▼
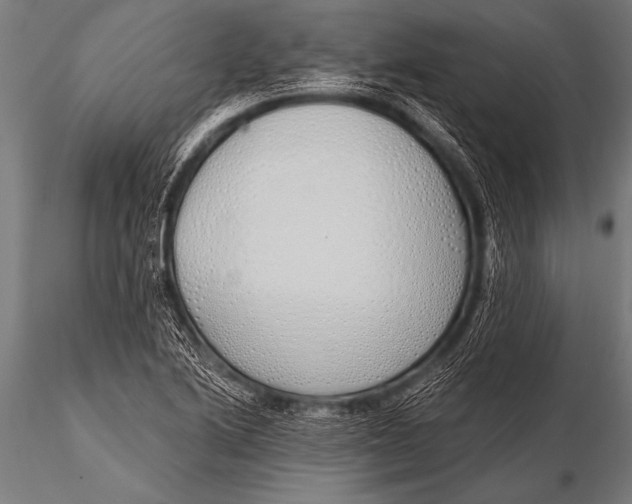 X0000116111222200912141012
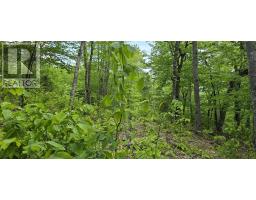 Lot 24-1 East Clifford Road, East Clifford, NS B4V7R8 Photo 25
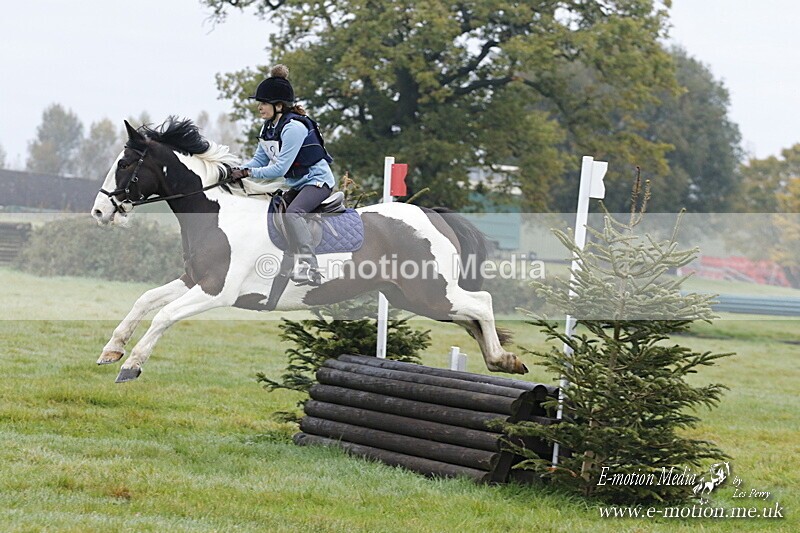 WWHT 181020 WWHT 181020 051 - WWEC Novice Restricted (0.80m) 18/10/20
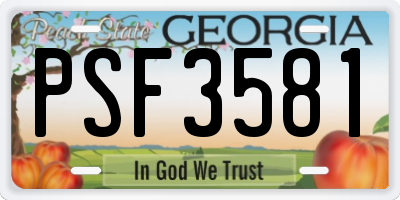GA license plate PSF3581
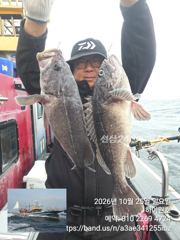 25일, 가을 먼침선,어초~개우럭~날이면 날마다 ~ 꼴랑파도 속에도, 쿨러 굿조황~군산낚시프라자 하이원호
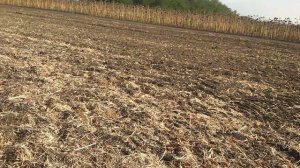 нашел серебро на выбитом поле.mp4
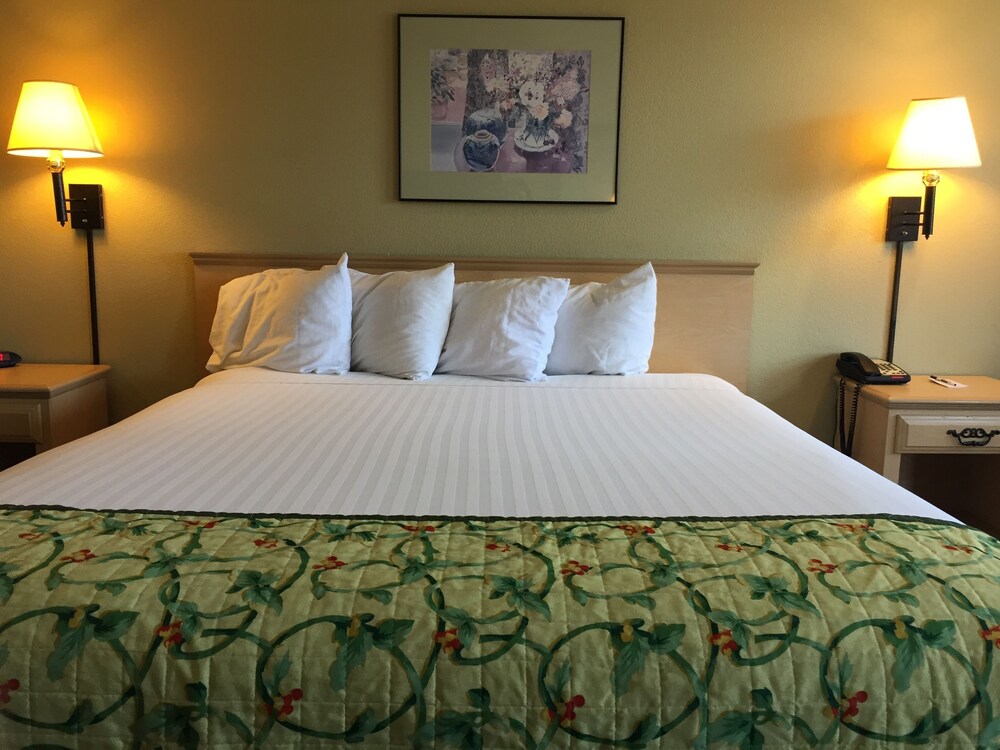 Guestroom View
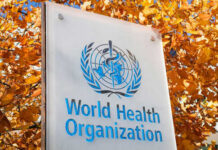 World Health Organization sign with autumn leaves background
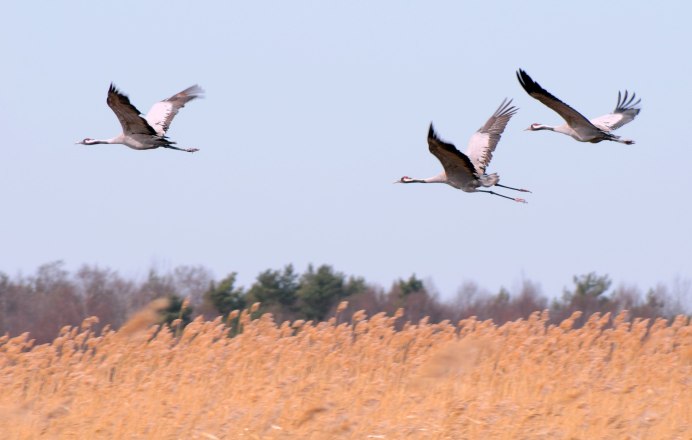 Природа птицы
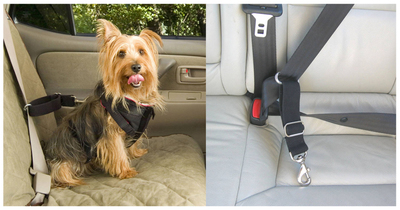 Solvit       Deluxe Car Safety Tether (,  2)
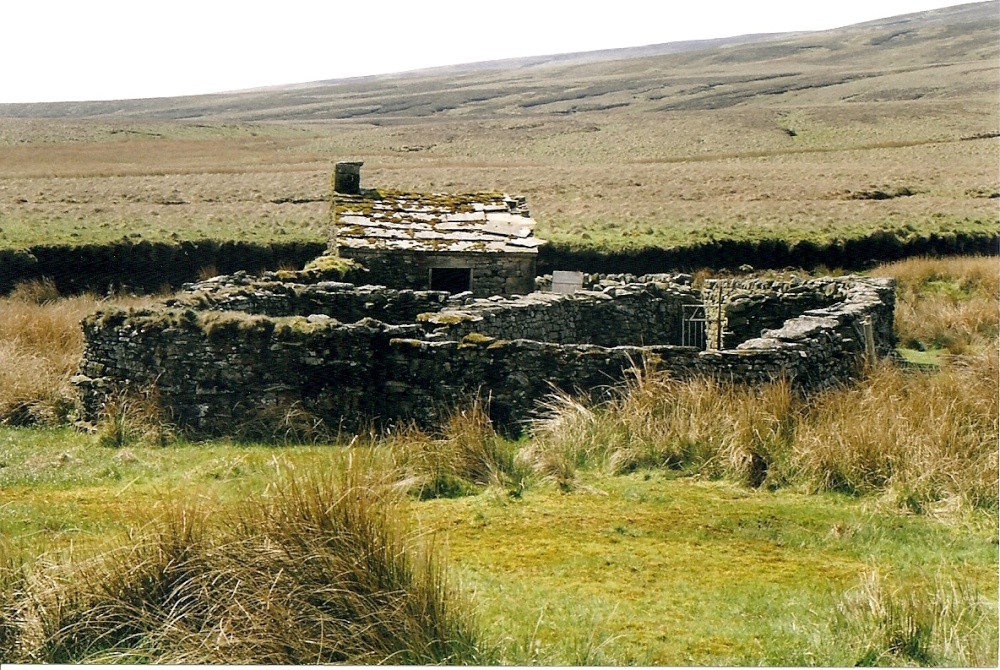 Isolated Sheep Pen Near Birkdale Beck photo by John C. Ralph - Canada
▲
▼
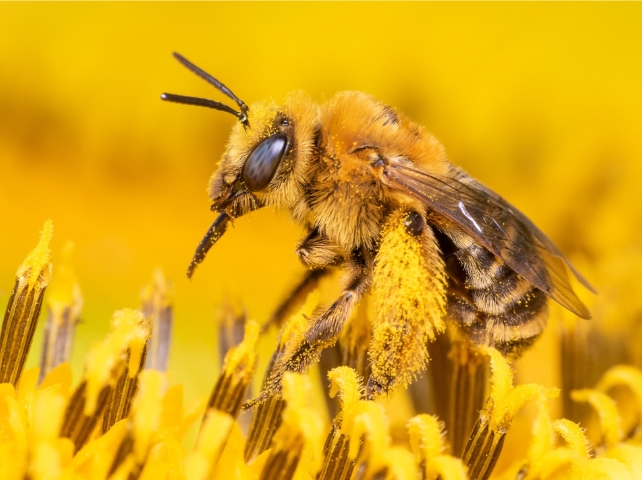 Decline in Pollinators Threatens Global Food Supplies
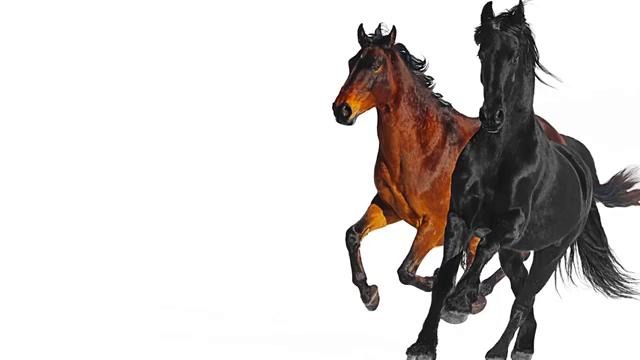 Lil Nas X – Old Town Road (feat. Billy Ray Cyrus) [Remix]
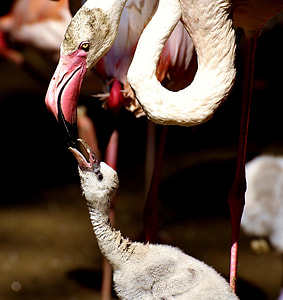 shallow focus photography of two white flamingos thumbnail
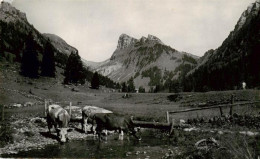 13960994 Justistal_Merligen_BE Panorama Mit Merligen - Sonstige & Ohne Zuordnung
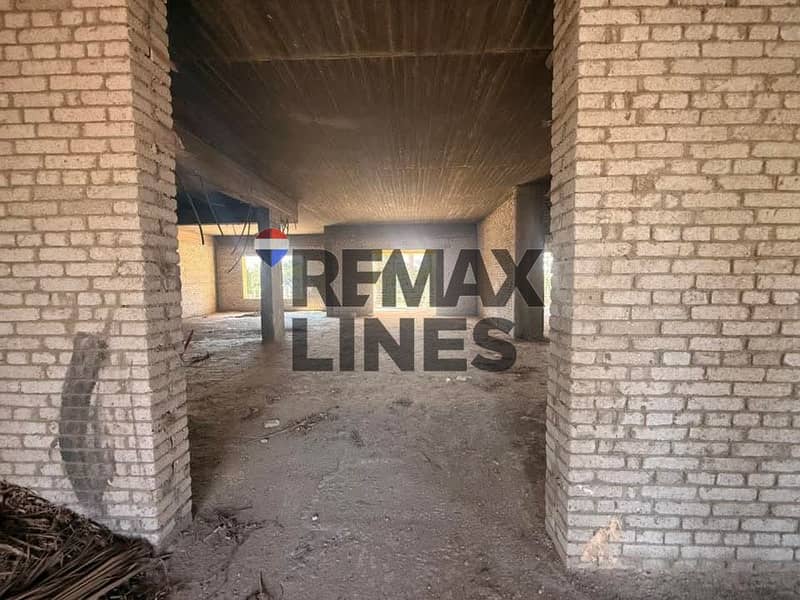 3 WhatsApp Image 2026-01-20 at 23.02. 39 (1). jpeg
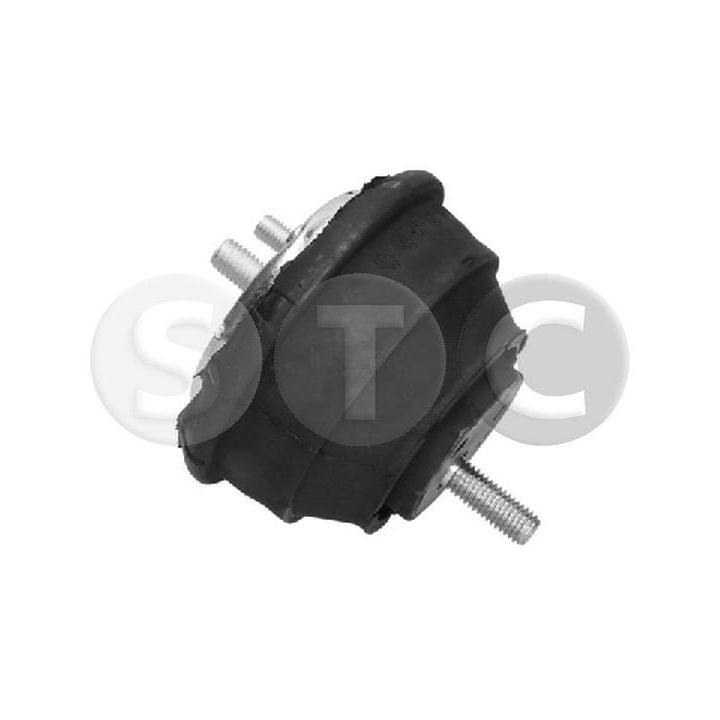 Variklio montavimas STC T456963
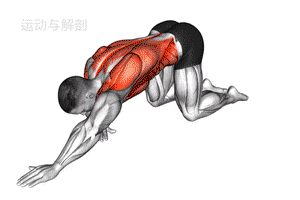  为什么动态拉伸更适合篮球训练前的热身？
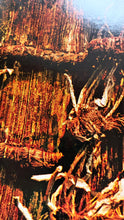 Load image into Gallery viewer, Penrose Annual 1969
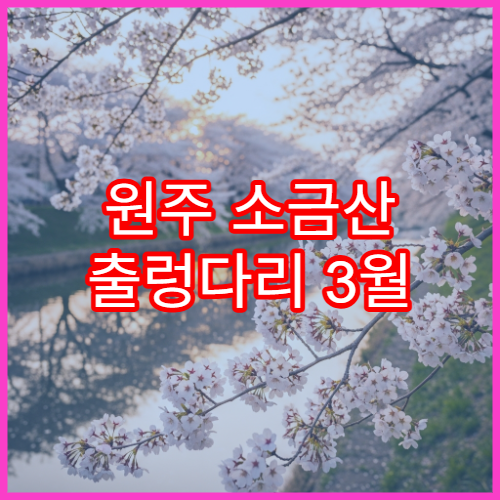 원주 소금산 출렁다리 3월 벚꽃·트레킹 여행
▲
▼
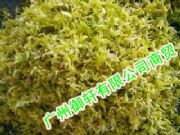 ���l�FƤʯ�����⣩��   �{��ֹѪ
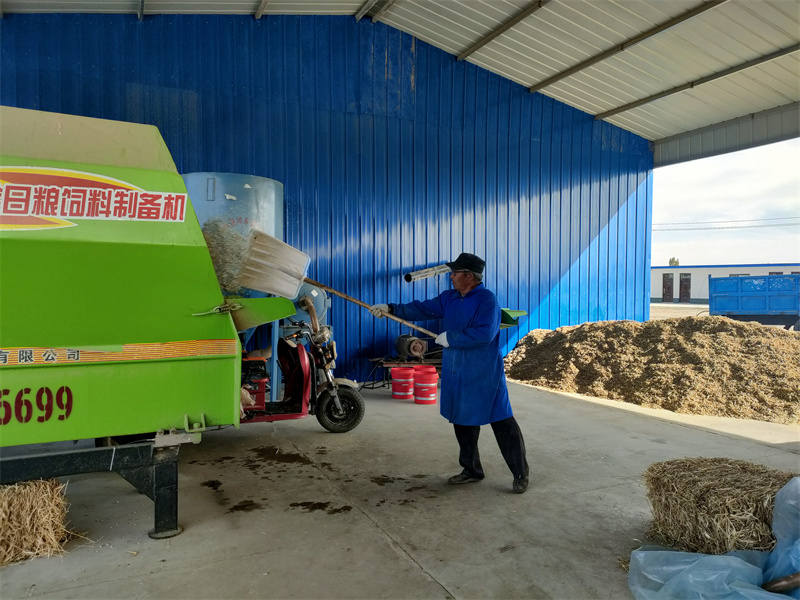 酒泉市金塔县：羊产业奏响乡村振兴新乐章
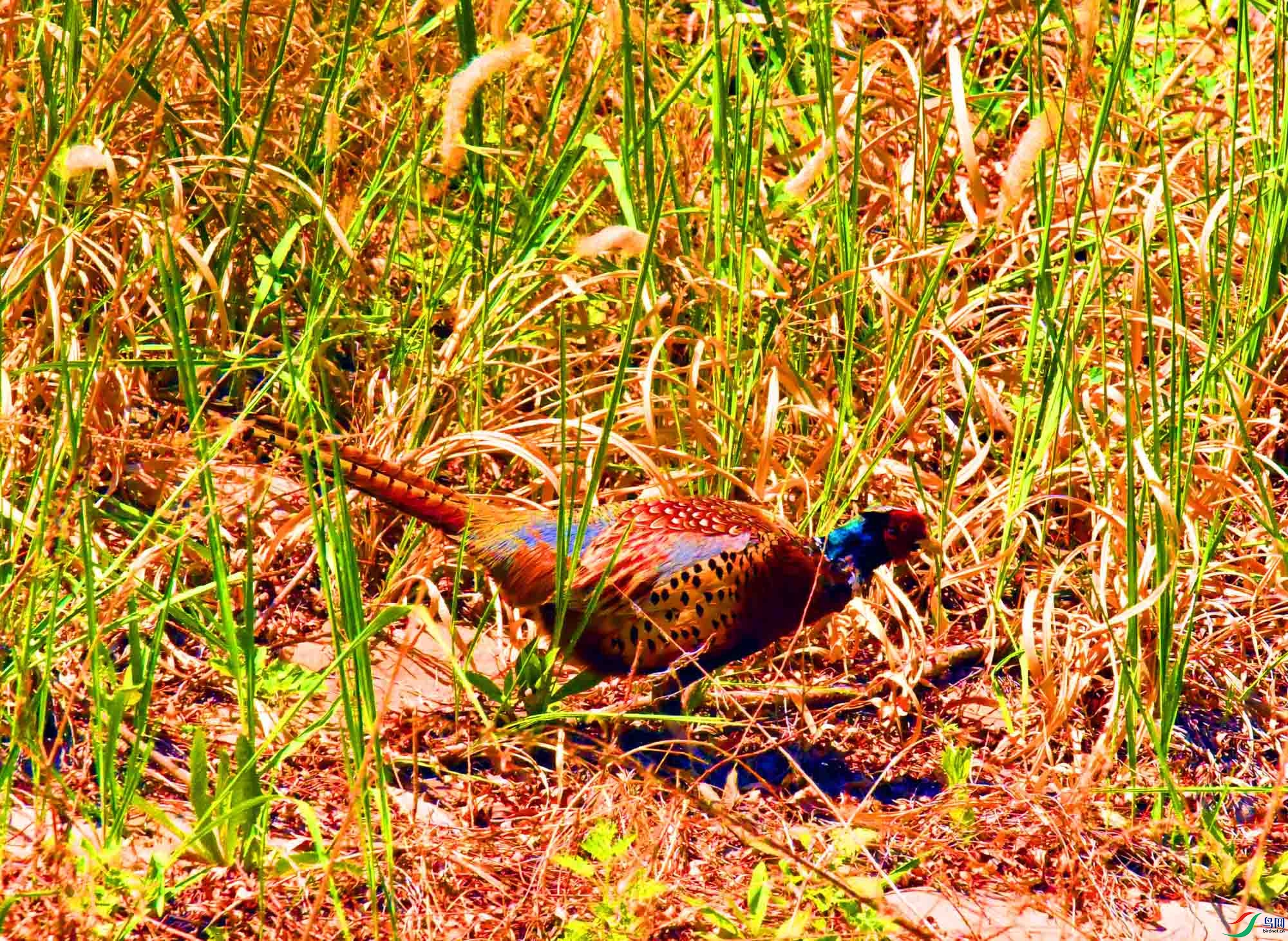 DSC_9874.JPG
▲
### ACTIVITY
Take the lines above starting at the one containing "World Health Organization" and ending at the one containing "Isolated Sheep Pen", and print them again exactly, without pictures.

### ANSWER FOR THIS EXERCISE
 World Health Organization sign with autumn leaves background
 Природа птицы
 Solvit       Deluxe Car Safety Tether (,  2)
 Isolated Sheep Pen Near Birkdale Beck photo by John C. Ralph - Canada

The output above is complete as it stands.